Assessing betting skill: Bayesian vs. Frequentist methods

At the most basic level, making money from betting requires two things. Skill and luck. Whilst many bettors fail to acknowledge the influence of the latter, measuring the former is also often overlooked. This article shows why it is important to understand the different methods of assessing betting skill and how results can differ depending on your approach.

Bayes’ Theorem can be used by sports bettors to make better predictions. We can also use it to help us determine what the likelihood of us actually being any good at making those predictions and finding positive expected value. I’ve previously investigated how to evaluate the quality of a betting history using a frequentist approach (t-test). This article will compare and contrast the two methods.

Degrees of belief

In probability theory Bayes’ Theorem describes the chances of an event happening conditional on another event occurring also. For example, suppose I believe that I have a 50% probability of being a skilled bettor capable of finding value. If I win my next bet, how will this influence my belief in this proposition? In other words, how does the evidence of winning a bet change the probability of me being a skilled bettor?

Bayes’ Theorem interprets probability as a ‘degree of belief’ in a proposition or hypothesis, and formalises mathematically the relationship between the prior degree of belief before the evidence is known (the prior probability) and the degree of belief after accounting for the evidence (the posterior probability). It is written as follows:

{equation} – P(A|B)= P(A)*P(B|A)/P(B)

In our example here:

P(A) = the prior probability that I am a skilled bettor

P(B) = the prior probability of winning my bet

P(B|A) = the probability I win my bet conditional on me being a skilled bettor.

P(A|B) = the probability I am a skilled bettor conditional on me winning my bet.

Let’s try an example. Let’s assume that the definition of a skilled bettor is someone who can consistently achieve a return on investment of 110%. For even-money wagers that would imply 55 winners out of every 100. Hence, P(B|A), the probability I win my bet conditional on me being a skilled bettor, is 55%.

For an unskilled bettor, the probability of winning a fair even-money wager, P(B), will be 50%. However, let’s assume I hold a prior belief that I have a 50-50 chance of being skilled {P(A) = 50%}, and P(B) for such a bettor is 52.5% (half way between 50% and 55%).

The best handicappers in the business are typically capable of about 57% win rates. After the bookmaker’s margin, that translates into about a 110% return on investment.

Should I win my bet, imputing these numbers into Bayes’ Theorem yields a posterior probability – P(A|B) – of 52.38%. Winning my bet leads me to believe there is a greater probability than before that I am skilled.

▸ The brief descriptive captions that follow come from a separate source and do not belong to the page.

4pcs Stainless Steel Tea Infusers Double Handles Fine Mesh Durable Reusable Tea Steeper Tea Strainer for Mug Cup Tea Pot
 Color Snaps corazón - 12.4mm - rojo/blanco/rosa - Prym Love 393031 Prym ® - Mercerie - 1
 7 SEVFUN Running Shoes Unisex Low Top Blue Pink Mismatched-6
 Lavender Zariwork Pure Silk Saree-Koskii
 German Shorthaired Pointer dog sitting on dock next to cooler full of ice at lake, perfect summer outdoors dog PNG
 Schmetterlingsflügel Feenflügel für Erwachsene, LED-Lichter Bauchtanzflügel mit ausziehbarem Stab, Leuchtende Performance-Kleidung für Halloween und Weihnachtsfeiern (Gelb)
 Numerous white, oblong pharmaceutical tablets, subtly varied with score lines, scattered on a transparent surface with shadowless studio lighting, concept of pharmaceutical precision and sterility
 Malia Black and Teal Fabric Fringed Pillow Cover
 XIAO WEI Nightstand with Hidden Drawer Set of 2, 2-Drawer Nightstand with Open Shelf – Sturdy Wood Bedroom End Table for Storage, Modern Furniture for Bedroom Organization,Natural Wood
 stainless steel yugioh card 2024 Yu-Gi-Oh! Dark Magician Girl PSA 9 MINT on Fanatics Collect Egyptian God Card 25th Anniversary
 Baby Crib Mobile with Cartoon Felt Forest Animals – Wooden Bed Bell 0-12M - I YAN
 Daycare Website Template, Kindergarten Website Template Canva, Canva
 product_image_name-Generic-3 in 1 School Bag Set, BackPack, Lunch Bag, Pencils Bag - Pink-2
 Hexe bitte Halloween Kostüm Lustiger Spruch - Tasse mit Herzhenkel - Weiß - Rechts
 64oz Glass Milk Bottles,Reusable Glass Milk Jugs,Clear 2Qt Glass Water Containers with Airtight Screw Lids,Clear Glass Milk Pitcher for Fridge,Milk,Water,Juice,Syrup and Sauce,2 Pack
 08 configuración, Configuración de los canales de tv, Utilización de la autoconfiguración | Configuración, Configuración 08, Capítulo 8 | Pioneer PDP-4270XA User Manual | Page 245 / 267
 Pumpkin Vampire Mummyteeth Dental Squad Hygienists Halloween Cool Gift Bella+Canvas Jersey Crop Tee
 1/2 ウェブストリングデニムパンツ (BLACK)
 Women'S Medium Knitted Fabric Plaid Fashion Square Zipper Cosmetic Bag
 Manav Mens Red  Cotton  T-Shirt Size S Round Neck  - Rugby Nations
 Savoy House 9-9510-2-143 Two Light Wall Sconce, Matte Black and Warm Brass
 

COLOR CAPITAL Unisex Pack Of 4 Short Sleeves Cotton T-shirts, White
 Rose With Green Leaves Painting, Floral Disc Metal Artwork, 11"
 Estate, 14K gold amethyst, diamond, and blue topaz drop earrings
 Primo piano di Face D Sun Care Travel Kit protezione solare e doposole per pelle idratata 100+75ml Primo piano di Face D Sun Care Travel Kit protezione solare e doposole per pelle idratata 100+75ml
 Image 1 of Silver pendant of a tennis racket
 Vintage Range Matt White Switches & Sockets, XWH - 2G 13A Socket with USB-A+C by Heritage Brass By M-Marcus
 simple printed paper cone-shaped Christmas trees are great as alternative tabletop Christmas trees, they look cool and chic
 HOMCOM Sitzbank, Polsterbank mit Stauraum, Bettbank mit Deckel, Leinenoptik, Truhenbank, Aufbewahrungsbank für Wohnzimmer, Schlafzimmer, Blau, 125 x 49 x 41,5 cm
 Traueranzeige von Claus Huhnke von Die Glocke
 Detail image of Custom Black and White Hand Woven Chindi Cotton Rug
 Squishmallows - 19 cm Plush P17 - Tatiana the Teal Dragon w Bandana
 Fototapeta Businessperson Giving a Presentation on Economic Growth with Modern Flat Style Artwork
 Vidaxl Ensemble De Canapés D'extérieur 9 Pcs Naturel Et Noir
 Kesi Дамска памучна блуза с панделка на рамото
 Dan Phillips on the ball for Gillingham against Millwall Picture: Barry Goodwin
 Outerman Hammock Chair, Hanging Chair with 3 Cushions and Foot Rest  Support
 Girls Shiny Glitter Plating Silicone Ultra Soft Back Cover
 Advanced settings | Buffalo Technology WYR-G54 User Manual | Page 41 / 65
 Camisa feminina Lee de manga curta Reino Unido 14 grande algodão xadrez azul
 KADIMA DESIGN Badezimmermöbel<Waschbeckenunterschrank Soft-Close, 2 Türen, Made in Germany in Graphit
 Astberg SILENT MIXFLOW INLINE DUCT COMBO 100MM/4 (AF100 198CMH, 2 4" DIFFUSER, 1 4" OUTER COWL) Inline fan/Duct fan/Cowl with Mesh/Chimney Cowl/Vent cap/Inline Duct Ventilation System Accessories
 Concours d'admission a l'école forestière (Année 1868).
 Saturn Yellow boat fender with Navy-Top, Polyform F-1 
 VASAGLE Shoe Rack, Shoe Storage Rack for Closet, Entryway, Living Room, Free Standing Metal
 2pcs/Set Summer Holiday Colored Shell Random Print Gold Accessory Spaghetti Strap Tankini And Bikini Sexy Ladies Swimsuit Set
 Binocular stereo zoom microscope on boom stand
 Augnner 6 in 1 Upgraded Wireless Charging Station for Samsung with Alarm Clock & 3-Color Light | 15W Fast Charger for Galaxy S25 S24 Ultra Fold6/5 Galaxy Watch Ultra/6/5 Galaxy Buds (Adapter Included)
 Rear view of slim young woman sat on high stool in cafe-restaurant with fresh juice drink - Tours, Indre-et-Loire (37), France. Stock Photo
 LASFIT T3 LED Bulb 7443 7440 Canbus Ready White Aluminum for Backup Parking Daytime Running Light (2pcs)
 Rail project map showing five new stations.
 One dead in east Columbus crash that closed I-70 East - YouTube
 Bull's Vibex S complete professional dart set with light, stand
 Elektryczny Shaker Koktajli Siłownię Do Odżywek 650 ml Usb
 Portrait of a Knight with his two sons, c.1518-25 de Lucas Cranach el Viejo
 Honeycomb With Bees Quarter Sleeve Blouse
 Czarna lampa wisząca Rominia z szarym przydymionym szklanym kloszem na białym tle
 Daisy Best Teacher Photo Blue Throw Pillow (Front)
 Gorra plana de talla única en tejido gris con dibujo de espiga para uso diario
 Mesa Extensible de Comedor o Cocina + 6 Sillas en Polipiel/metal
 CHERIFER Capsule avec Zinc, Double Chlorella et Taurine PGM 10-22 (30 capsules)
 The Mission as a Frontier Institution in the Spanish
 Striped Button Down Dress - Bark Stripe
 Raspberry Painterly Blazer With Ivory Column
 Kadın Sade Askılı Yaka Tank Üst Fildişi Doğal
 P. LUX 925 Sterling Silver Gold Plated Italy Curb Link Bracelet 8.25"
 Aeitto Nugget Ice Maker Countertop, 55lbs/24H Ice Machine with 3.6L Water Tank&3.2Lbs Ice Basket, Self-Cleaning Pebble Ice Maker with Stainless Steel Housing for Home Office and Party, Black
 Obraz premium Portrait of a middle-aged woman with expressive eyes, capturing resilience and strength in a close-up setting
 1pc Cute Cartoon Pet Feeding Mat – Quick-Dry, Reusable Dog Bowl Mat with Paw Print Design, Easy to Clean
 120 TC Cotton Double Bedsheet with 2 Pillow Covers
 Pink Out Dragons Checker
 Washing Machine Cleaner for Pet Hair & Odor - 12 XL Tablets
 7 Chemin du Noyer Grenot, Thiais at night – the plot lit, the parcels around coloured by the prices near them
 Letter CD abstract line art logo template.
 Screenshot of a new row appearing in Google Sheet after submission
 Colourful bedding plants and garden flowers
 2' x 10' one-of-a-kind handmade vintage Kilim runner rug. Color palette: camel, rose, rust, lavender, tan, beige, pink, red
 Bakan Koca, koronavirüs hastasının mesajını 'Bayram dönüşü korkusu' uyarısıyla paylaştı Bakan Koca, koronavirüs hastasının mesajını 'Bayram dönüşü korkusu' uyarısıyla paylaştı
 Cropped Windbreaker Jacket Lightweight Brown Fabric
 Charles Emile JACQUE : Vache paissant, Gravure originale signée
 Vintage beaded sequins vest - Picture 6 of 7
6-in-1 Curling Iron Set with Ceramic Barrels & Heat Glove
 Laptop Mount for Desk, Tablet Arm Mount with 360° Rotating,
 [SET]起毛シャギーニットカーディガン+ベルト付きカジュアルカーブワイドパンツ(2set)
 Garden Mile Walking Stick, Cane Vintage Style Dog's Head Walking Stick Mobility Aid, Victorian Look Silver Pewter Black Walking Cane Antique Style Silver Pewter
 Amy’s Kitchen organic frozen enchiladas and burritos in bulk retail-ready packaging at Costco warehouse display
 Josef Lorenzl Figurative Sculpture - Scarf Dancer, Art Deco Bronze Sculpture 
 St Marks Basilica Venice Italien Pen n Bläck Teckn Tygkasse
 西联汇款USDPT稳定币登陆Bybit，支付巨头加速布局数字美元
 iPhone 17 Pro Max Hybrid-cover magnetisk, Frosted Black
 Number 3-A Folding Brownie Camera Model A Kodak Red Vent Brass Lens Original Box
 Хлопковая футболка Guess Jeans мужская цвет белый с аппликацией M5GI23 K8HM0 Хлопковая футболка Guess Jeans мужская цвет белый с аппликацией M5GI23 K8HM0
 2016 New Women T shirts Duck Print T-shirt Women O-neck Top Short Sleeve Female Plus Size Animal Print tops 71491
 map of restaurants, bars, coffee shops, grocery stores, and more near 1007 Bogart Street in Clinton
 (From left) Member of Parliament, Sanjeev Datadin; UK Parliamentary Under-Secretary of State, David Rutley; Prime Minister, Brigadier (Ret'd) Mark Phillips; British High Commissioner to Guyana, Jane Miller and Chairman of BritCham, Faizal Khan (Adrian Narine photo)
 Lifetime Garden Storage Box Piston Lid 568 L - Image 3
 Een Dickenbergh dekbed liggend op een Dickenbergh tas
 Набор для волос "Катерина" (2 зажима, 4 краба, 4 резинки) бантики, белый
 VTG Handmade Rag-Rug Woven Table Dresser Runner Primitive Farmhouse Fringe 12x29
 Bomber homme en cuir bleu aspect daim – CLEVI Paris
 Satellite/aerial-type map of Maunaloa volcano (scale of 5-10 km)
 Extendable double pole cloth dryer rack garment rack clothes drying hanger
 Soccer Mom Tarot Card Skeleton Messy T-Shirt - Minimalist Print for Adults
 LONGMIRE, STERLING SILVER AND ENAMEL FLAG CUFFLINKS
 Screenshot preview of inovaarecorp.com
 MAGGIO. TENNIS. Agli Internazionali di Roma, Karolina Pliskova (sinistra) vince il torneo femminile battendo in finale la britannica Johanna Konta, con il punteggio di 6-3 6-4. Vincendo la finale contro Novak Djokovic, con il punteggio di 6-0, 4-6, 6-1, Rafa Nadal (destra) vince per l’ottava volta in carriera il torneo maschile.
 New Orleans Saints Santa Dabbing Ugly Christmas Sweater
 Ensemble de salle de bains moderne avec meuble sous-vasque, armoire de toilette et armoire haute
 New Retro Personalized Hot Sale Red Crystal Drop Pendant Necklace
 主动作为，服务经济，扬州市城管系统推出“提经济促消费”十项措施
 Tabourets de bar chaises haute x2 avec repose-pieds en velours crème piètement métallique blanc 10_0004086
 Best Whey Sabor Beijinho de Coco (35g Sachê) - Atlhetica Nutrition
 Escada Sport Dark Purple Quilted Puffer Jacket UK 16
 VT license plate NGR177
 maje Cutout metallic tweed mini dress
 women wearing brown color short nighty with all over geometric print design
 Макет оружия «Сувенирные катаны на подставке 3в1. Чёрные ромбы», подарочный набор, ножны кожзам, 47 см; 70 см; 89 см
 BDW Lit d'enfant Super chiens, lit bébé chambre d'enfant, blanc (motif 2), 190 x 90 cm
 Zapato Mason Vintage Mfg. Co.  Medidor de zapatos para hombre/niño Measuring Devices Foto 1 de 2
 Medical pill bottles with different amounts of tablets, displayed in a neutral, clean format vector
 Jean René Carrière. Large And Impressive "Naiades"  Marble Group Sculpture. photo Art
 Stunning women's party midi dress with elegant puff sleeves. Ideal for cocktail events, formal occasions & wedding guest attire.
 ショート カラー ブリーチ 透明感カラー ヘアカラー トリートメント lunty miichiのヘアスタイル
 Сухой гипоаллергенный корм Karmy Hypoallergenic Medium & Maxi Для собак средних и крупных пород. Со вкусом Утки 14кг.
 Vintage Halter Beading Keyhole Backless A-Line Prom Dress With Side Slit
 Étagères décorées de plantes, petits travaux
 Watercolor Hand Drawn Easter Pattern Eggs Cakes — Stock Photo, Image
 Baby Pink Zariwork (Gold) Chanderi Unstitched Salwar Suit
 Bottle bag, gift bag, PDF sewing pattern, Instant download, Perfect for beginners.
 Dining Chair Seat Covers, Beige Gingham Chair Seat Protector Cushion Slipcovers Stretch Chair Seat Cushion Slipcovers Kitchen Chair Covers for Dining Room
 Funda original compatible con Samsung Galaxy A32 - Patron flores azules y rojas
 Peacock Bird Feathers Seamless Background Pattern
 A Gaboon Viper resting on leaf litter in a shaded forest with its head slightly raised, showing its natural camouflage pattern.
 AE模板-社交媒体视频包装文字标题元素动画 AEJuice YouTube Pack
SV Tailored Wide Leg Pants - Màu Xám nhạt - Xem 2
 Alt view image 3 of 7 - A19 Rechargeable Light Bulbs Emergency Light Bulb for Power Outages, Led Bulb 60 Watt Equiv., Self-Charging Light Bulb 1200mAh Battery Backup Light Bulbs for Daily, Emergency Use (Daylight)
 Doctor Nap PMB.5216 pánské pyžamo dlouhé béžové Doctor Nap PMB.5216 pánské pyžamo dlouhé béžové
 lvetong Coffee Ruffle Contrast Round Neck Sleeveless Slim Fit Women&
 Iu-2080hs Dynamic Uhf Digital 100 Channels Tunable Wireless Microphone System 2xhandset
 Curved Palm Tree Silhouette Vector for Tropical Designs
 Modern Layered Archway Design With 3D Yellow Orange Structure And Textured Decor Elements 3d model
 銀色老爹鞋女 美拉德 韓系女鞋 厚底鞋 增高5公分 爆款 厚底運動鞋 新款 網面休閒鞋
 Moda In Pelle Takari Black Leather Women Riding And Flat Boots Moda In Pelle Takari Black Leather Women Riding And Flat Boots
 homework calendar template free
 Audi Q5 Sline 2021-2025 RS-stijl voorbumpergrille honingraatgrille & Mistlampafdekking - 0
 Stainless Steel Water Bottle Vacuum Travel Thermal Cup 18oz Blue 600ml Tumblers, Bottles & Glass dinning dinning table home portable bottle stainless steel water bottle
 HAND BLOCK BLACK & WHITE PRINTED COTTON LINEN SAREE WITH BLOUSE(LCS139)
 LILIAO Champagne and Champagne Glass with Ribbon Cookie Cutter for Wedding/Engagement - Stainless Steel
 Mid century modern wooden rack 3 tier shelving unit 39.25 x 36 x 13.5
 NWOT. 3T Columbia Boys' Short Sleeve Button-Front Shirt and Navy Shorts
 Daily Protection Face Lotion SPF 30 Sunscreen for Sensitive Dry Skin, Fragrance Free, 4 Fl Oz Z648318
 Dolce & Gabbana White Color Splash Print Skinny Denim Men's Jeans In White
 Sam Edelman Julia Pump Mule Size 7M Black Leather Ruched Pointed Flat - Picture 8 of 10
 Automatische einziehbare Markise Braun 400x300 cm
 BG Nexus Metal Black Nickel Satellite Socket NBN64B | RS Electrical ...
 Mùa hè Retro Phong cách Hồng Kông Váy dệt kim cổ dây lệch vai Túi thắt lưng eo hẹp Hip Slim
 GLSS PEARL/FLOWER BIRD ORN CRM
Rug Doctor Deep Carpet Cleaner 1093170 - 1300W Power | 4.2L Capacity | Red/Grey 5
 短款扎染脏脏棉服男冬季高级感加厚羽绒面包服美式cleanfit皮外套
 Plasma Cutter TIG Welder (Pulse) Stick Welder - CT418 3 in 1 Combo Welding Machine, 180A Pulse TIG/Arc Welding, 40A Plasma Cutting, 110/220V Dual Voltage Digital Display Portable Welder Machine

Bayes’ Theorem can be applied iteratively. Having won my first bet and updated my probability of being a skilled bettor, I now place another bet. The posterior probability calculated in the first step becomes the new prior probability.

The new posterior probability of me being a skilled bettor will now be conditional on me winning (or losing) my next bet. If I win, the probability of me being skilled will increase again; if I lose, it will decrease. In this example, should I win my second bet, the probability that I am a skilled bettor increases to 54.75%.

This process can be repeated indefinitely with each updated conditional probability falling somewhere between 0% and 100%. I have run this iteration 1,000 times, i.e. 1,000 wagers, and the chart below shows the betting history achieved (blue line) alongside the Bayesian probabilities of me being a skilled bettor after each wager (red line).

One significant problem with a Bayesian interpretation of probability is that it requires strong prior knowledge or belief in an event or situation. But do we really have that in assessing the probability that I might be skilled at betting? My choice of 50% in this example was purely arbitrary and based on nothing else than guesswork. Look what happens if I now change the initial prior probability to 1%.

Furthermore, it is completely arbitrary what skilled actually means in this context. Arguably a bettor capable of 105% return on investment is highly skilled if he can achieve that over 10,000 wagers – you can read about the Law of Small Numbers to find out why sample size matters. It’s also equally unclear how to define P(B) for each iterative step, given an updated value of P(A).

In my Bayesian model, I simply assumed a linear relationship, such that if P(A) = 0%/20%/40%/60%/80%/100%, then P(B) = 50%/51%/52%/53%/54%/55%, but its validity is certainly open to question. Perhaps more importantly, since an individual with a baseline bet win probability of 52.5% is clearly a skilled bettor in his own right (just not as skilled as one with 55%) really what we are measuring here is the degree, rather than the probability, of skill.

Nonetheless, this graphical representation of the evolution of Bayesian probability does provide some intuitive measure of the likelihood (or strength) of the ability of a bettor to return a consistent profit, and how that might change over time.

Degrees of randomness

Whilst the Bayesian approach focuses on the probability of a hypothesis (that I am a skilled bettor) given a fixed set of data (the profits and losses), the frequentist approach focuses on the probability (or frequency) of the data given the hypothesis. This time the hypothesis is fixed – it’s either true (100% probability) or false (0% probability) that I am skilled – whilst the data are assumed to be random.

Starting from a prior belief of 1% probability that one is skilled, this will have risen to just 20% after 1,000 wagers.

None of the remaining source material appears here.